We’re subject to huge unwarranted surveillance – but Westminster’s useful idiots are more likely to sanction than criticise it


The Guardian, Thursday 19 September 2013

The Brazilian president cancels a state visit to Washington. The German justice minister talks of “a Hollywood nightmare“. His chancellor, Angela Merkel, ponders offering Edward Snowden asylum. The EU may even end the “safe harbour” directive which would force US-based computer servers to relocate to European regulation. Russians and Chinese, so often accused of cyber-espionage, hop with glee.

In response, an embarrassed Barack Obama pleads for debate and a review of the Patriot Acts. Al Gore refers to the Snowden revelations as “obscenely outrageous“. The rightwing John McCain declares a review “entirely appropriate“. The Senate holds public hearings and summons security chiefs, who squirm like mafia bosses on the run. America’s once dominant internet giants, with 80% of the globe under their sway, now face “Balkanised” regulation round the world as nation states seek to repatriate digital sovereignty.

And in Britain? Nothing. From parliament, the courts, and most of the media, nothing. Snowden, the most significant whistleblower of modern times, briefly amused London when he turned scarlet pimpernel in the summer; then the capital was intrigued when David Miranda was seized by Heathrow police on bogus “terrorism” charges. But the British establishment cannot get excited. It hates whistleblowers, regarding them as not proper chaps.

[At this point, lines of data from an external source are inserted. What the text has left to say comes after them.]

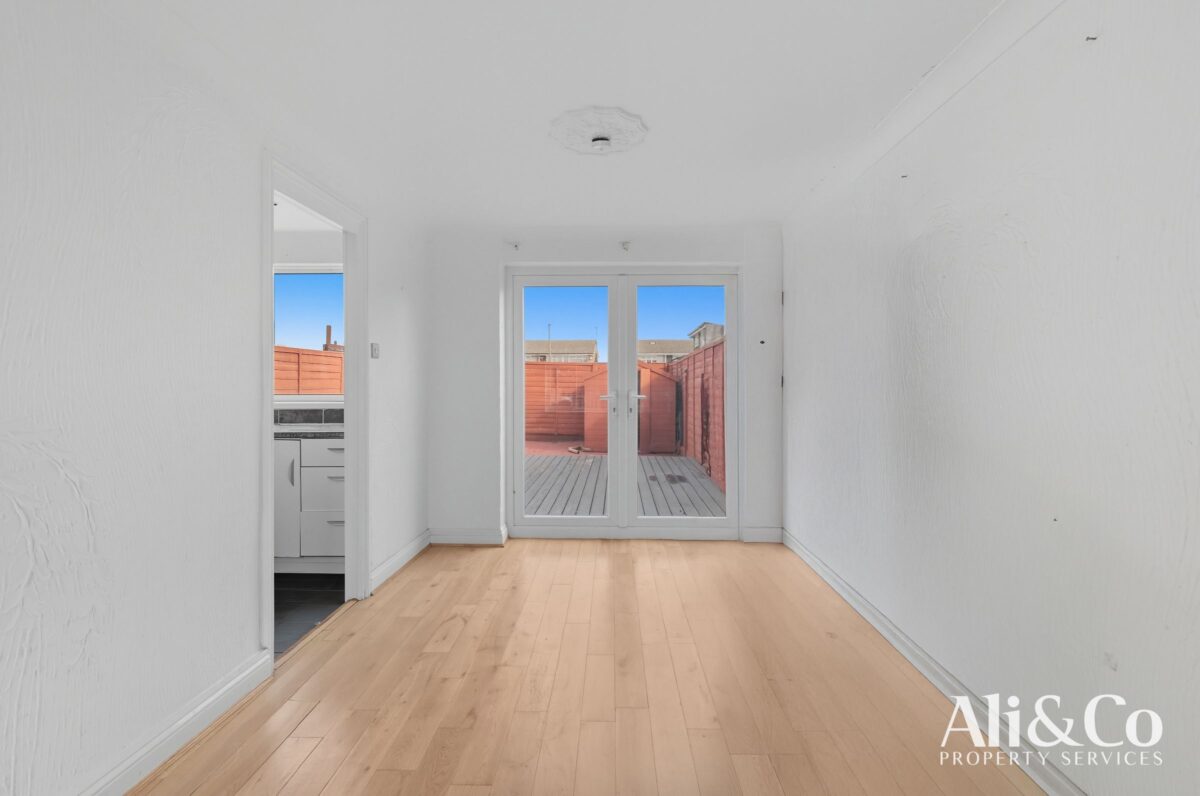 Deben, East Tilbury, Tilbury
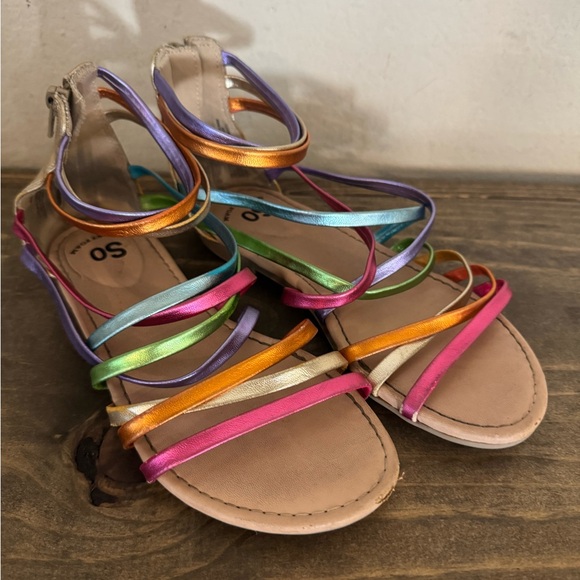 Girls size 1 strappy rainbow sandals - Picture 1 of 6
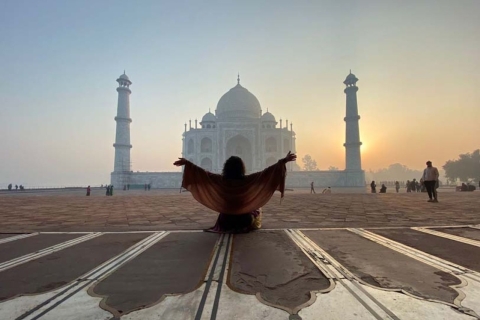 Taj Mahal Tour mit dem Gatimaan Express ab Delhi & freie MahlzeitenTaj Mahal Tour mit dem Gatimaan Zug und kostenlosem Frühstück ab Delhi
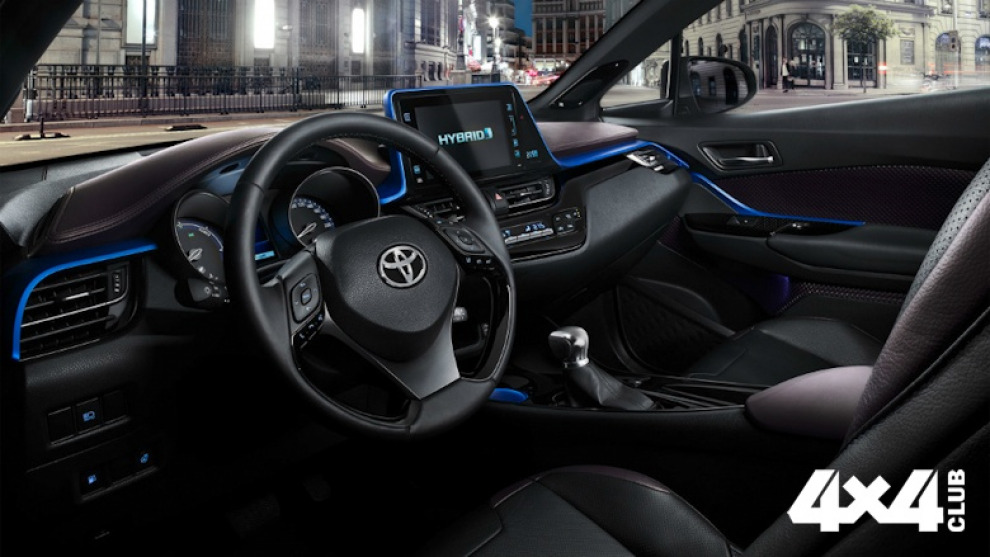 Toyota показала интерьер конкурента Nissan Juke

Nothing better illustrates the gulf that sometimes opens between British and American concepts of democracy. Congress is no puppet of the executive. The US may be brutal in its treatment of leakers such as Julian Assange and Chelsea Manning, but the fourth amendment lurks deep in its culture, protecting privacy from the state without due process and “probable cause”. Britain has no such amendment.

What moved Americans about Snowden was not just the scale of NSA hoovering of data – though polls indicate strong aversion – but the lying to Congress. Snowden, a Republican former soldier, was simply shocked at the clear collapse of congressional and judicial oversight. The US had lurched into aping precisely the totalitarian regimes it professed to guard against.